Seven-year-old Ukrainian girl who was diagnosed with rare cancer and fled her home country to find a cure in Israel dies in Iran missile strikes
Seven-year-old Nastya Buryk died this week. Her life was short, with precious little peace or comfort. The brutal and unexpected way in which it ended, 1,000 miles from home, reflects a world swept by wars in which the innocent suffer most.
Nastya came from Odesa, Ukraine's largely Russian-speaking port on the Black Sea. In early 2022, the city came under regular missile attack after Russia launched its full-scale invasion of Ukraine.
Nastya's family life began to unravel fast. Her father Artem joined the Ukrainian army to defend his country.
He became, and remains, a soldier of the elite 95th Airborne Assault Brigade.
Though battered, Odesa endured. But that summer, Nastya was diagnosed with acute lymphoblastic leukaemia, a rare cancer that affects the blood and bone marrow.
'On August 29, 2022, we heard the terrible news: 'Your daughter has cancer,' wrote her mother Maria on social media.
'Since that day, I have been living in a parallel reality, where the main thing is to save. To breathe. To not give up.'
Her daughter underwent her first course of chemotherapy in Ukraine. Nastya's condition improved, but then she suffered a relapse.
It was clear she needed more specialist treatment, which was difficult to find in wartime Ukraine – and expensive if sought elsewhere.
What would you do if you could, as a parent, in such circumstances?
Partially helped by charitable donations, but largely self-funded, the family looked abroad. That December, Maria took Nastya to Israel.
This was almost a year before the Hamas massacre of October 7, and Israel was considered 'safe'. While the father fought, his family would be out of a war zone and Nastya would get the top oncological treatment she needed to survive.
In Israel, Nastya underwent a bone marrow transplant. But the procedure did not work, and the leukaemia returned.
'Yes, we are on the edge again,' Maria told her social media followers. 'Yes, the transplant did not help.' Money was also a problem.
On one occasion Nastya was even discharged by a hospital because her family could no longer pay her bills. Artem recorded videos from the front line, appealing for donations. Some previous donors had given up hope.
Then came fresh encouragement. A radical new treatment was proposed by Israeli oncologists to encourage the failed bone marrow transplant to work.
People watch as Ukrainian rescuers dismantle the rubble of a destroyed administrative building in the center of Odesa after a missile strike on July 20, 2023
It would not be without jeopardy or pain for the little girl.

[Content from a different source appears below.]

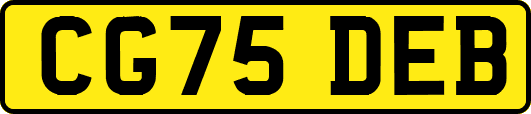 CG75DEB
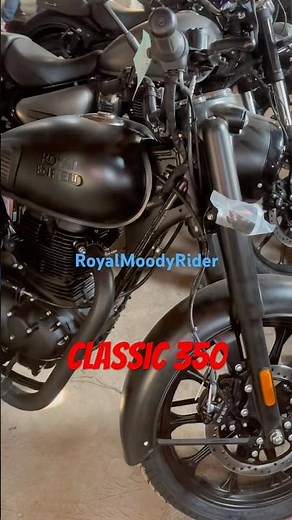 Is the Royal Enfield Classic 350 Stealth Worth the Hype?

'We are taking a risk, but in our case the disease can win without it. I am afraid, but I choose hope,' her mother wrote earlier this year.

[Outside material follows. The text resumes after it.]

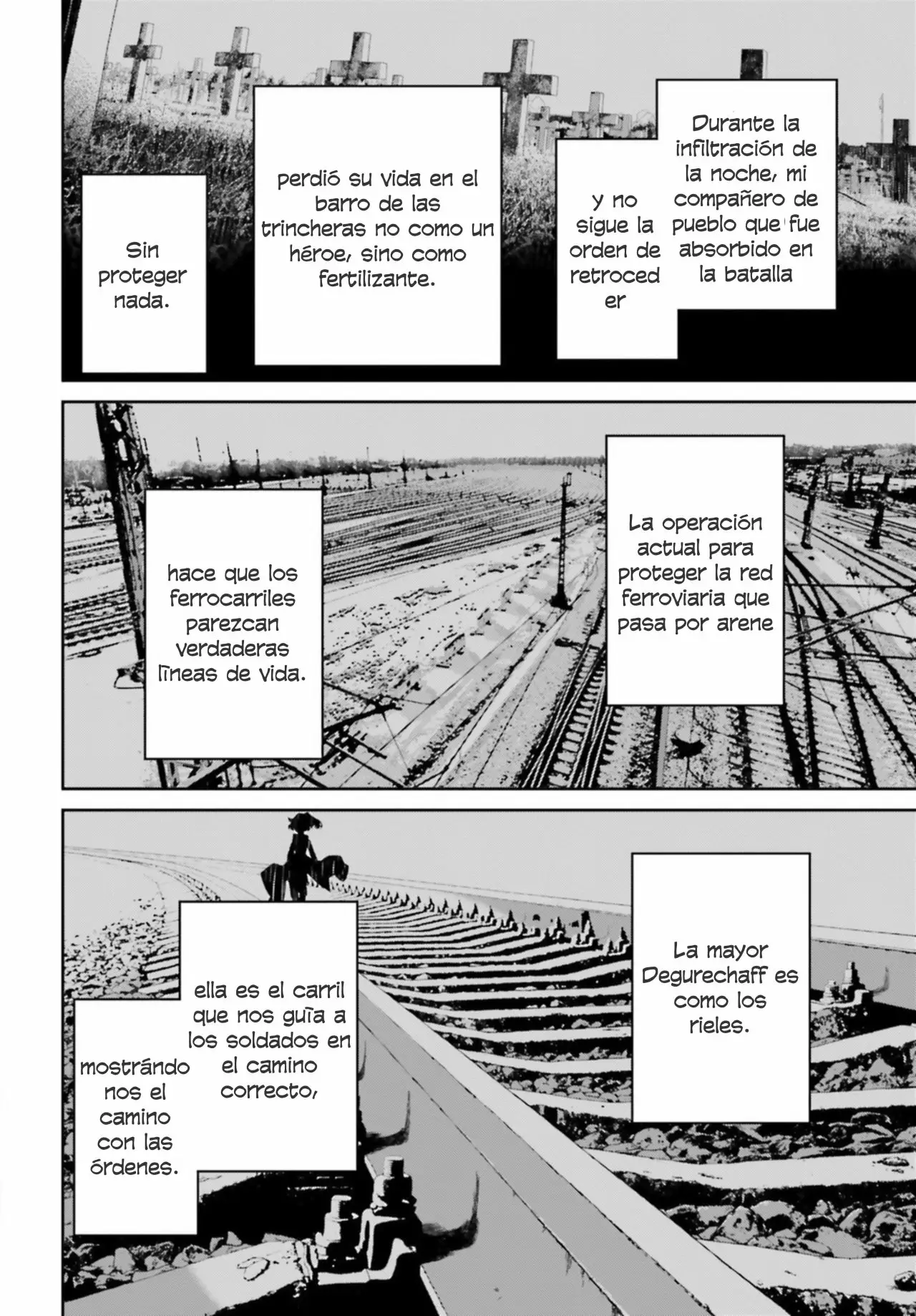 Youjo Senki Capítulo 38 - Page 50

This spring, Nastya's grandmother Olena, 60, flew out to Israel to lend her support.
She brought with her two of Nastya's cousins, Konstantin and Ilya, aged nine and seven.

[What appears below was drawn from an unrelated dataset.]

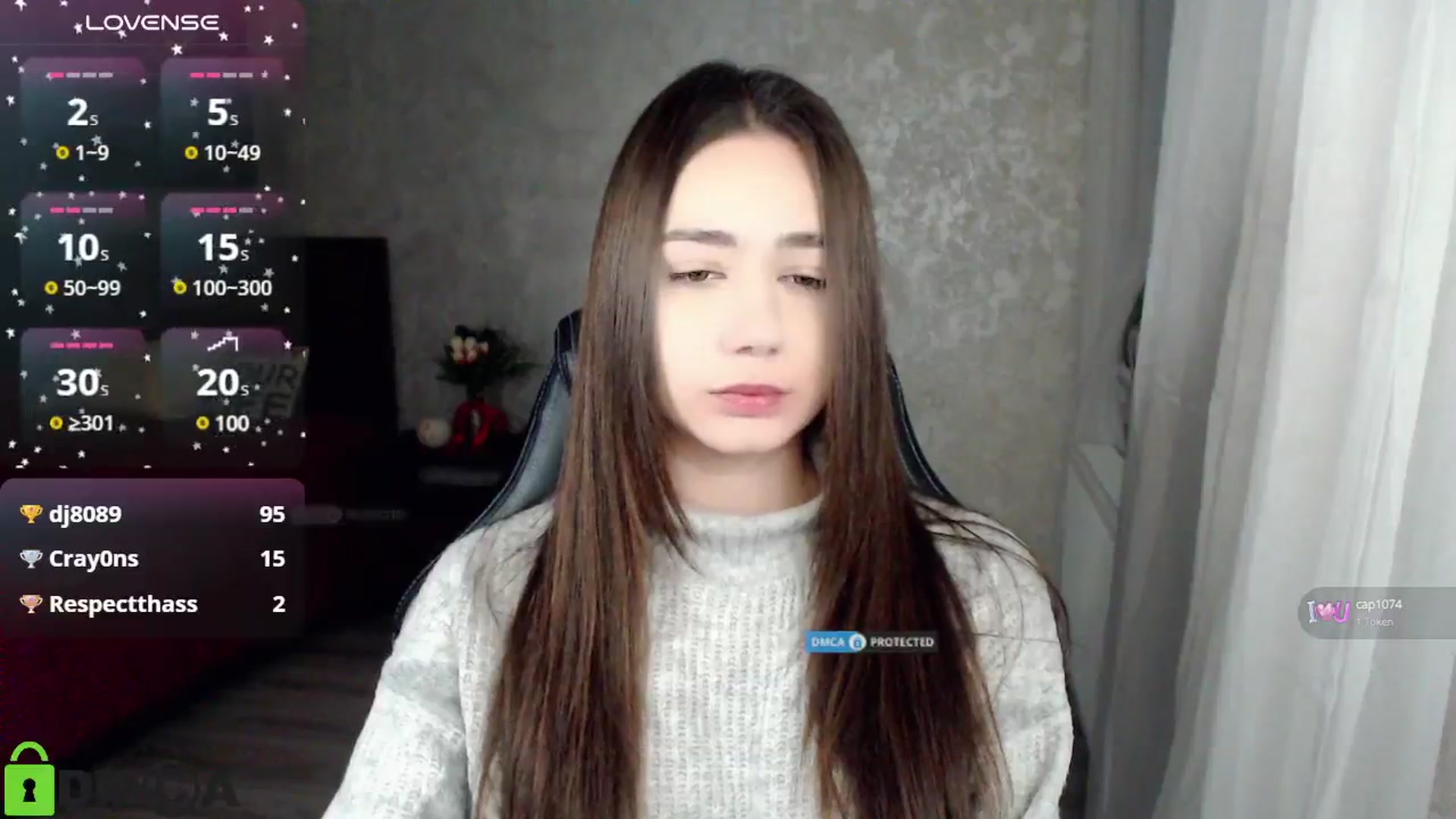 Gallery image thumbnail from MaryAmino's myfreecams stream on, 01/03/2025, 17:48 image 6 of 20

They were enrolled in local infant schools. It would be safer than Odesa, still subject to deadly missile barrages.
Then, last week, the world changed again. Israel launched Operation Rising Lion, a surprise attack on Russia's ally, Iran, with the aim of destroying its nuclear and ballistic missile threat.
Iran retaliated with volleys of missiles and drones at Israel. On the first day of the barrage, June 13, one of those missiles struck the apartment block in the coastal city of Bat Yam in which Nastya's family had rented a home.
The little girl, her mother, grandmother and the two boys, were all killed. Only father Artem, fighting on the front line in Kyiv, remains alive.
Yet, amid the widespread carnage and geo-political implications arising from Rising Lion, and the horrors visited this week on Kyiv, their unique tragedy has passed almost unnoticed.